The talks, which kicked off June 21 in Switzerland, represent the operational phase of the 14-point Islamabad MOU signed on June 17 by US President Donald Trump and Iranian President Masoud Pezeshkian. Qatar and Pakistan are serving as mediators. The two nations now have a 60-day window to hammer out the details on some of the thorniest geopolitical questions of the past two decades.

What the Islamabad MOU actually says

The framework commits both sides to ending military strikes, with the US agreeing to lift its naval blockade within 30 days. Iran, for its part, has pledged to guarantee safe passage for commercial vessels through the Strait of Hormuz for an initial 60-day period.

That hard stuff includes Iran’s nuclear program, sanctions relief, and the eventual disposition of frozen assets. The MOU explicitly defers Iran’s ballistic missile program to later negotiations. Asset releases are contingent on final agreements being reached.
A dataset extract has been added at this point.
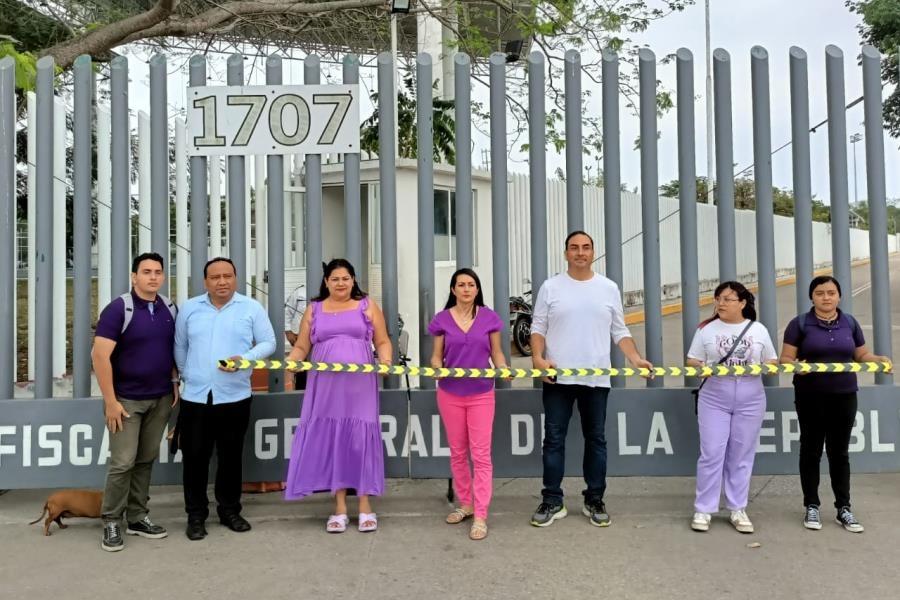 Xochilovers clausuran delegación de FGR Tabasco por falta de justicia a mujeres violentadas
The Strait of Hormuz problem

Roughly a fifth of the world’s oil passes through the Strait of Hormuz. The agreement to allow vessels to move freely addresses what has been the most immediate economic consequence of US-Iran tensions.

Both sides have already accused each other of violating various terms of the agreement.

What this means for markets

The most direct market impact sits squarely in the energy sector. Oil prices have been sensitive to every development in US-Iran relations, and a functioning MOU that keeps the Strait of Hormuz open could meaningfully reduce the geopolitical risk premium baked into crude.

Iran has historically been one of the most active state-level Bitcoin mining operations, using cheap domestic energy to generate hard currency outside the traditional banking system. Any sanctions relief that reintegrates Iran into global financial markets could paradoxically reduce the country’s reliance on crypto as a sanctions-evasion tool.

The deferred topics, particularly Iran’s ballistic missile program and the specific terms of asset releases, represent potential landmines that could derail the entire framework. The single most important variable to watch is whether commercial shipping volumes through the Strait of Hormuz actually normalize over the next 30 days.